Critics of the law say it stifles protesters' First Amendment rights and worry it will disproportionately harm people of color, who are generally at the forefront of demonstrations calling for an end to racism in policing.

"In this state, it is oftentimes the marginalized voices that aren't oftentimes heard, and these are why they do the protests that they've done, this is why they speak on the things that they speak on," Joshua Harris-Till, president of Young Democrats of America and an Oklahoman, said in March, as Public Radio Tulsa reported. He called the bill "the worst anti-protest bill in the nation" in a tweet this month.

Some 35 demonstrators marched through the state Capitol on Wednesday to protest several pieces of advancing legislation they described as "anti-protest bills," The Oklahoman reported.

Stitt also signed HB 1643, which makes it a crime to doxx police officers, or post anything online that could include personally identifying information with the intent to threaten, stalk or harass them.

The American Civil Liberties Union of Oklahoma issued a statement when both bills passed the state Senate, describing lawmakers as "trampling the rights and liberties of Oklahomans in favor of those with the most power and access, themselves included."

Advocates denounced the legislation as an effort to silence constituents' voices and criminalize their calls for racial justice.

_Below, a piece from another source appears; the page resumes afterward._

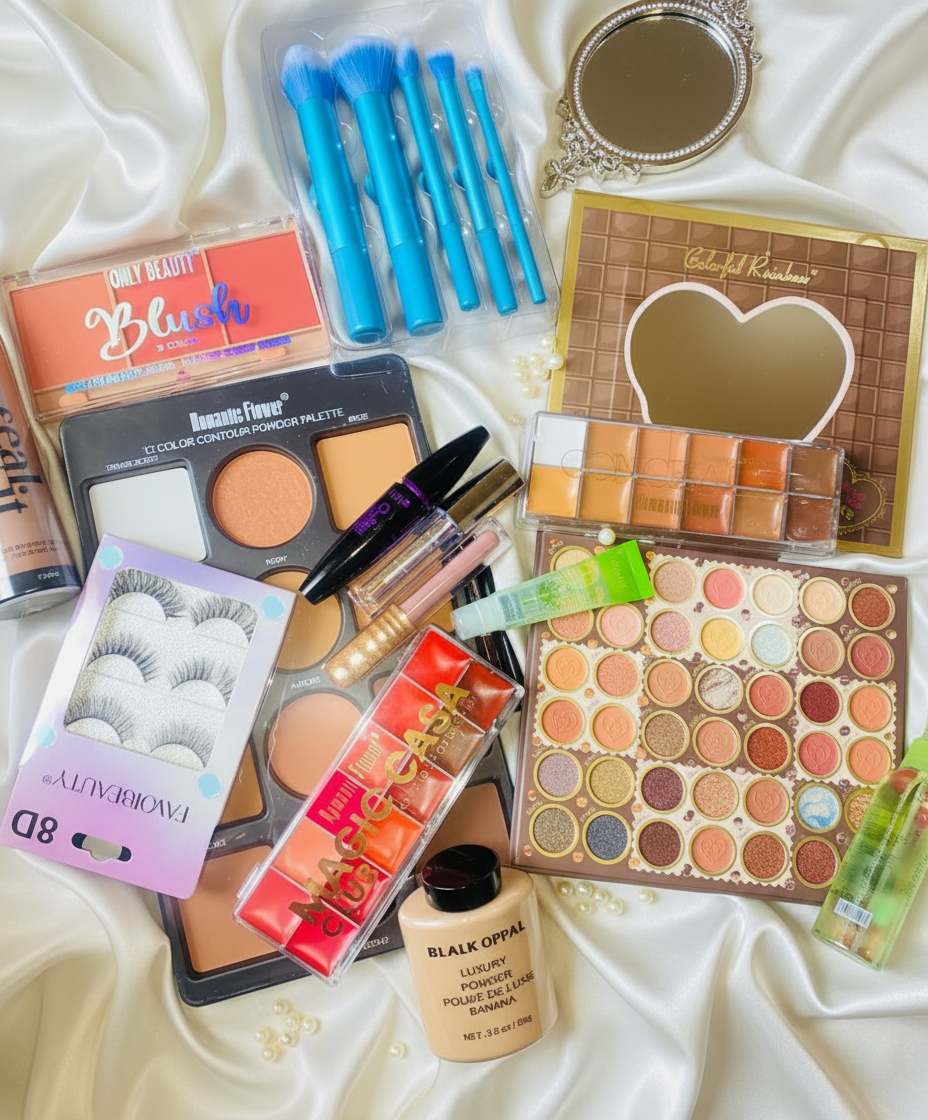 Black Friday Full makeup kit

"In a body that prides itself on prioritizing freedom, a majority of members of the Oklahoma Senate advanced key legislation today in an anti-freedom agenda unrivaled by any other state legislature in its unabashed attempts to center power, order, and white supremacy over the rights, liberties, and lives of Oklahomans, especially Black and Indigenous Oklahomans," said Nicole McAfee, director of policy and advocacy for the ACLU of Oklahoma.

Several other states experienced high-profile clashes between protesters and motorists during last summer's nationwide reckoning over racial justice, during which blocking traffic was a commonly used tactic.

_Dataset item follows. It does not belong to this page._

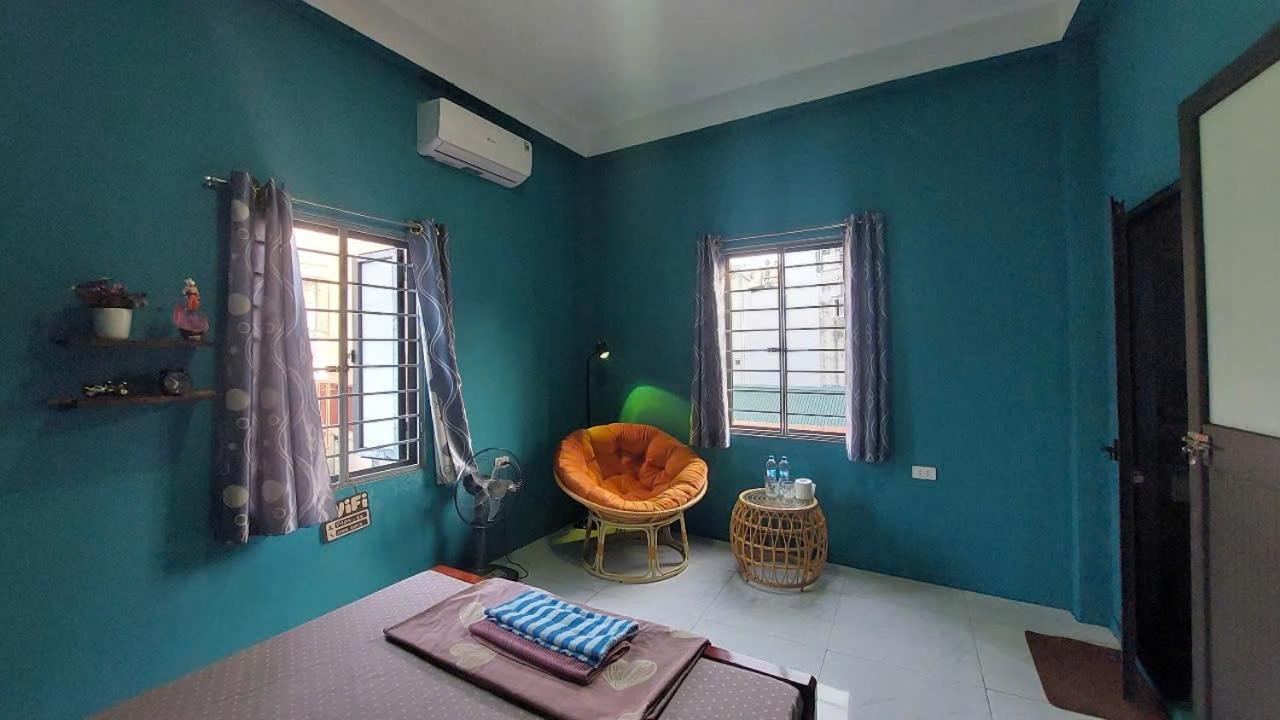 Alley Homestay Ανόι Εξωτερικό φωτογραφία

In Minneapolis, for example, a tanker truck barreled through protesters marching on an interstate in June, though it left no serious injuries. Other incidents were deadlier: One person was killed and another injured when a man drove his car through protests on a Seattle freeway, and a man in St. Louis was fatally struck by a FedEx truck during demonstrations in May.

Oklahoma is also not alone in advancing measures that critics say will stifle protests.

The International Center for Not-for-Profit Law, which tracks state and federal initiatives limiting the right to protest, said there are more than 60 such measures currently pending across the country.

Arkansas and Kansas recently passed laws strengthening penalties for protesters around gas and oil pipelines. And earlier this week, Florida's governor signed a law he called the "strongest anti-rioting, pro-law enforcement measure in the country."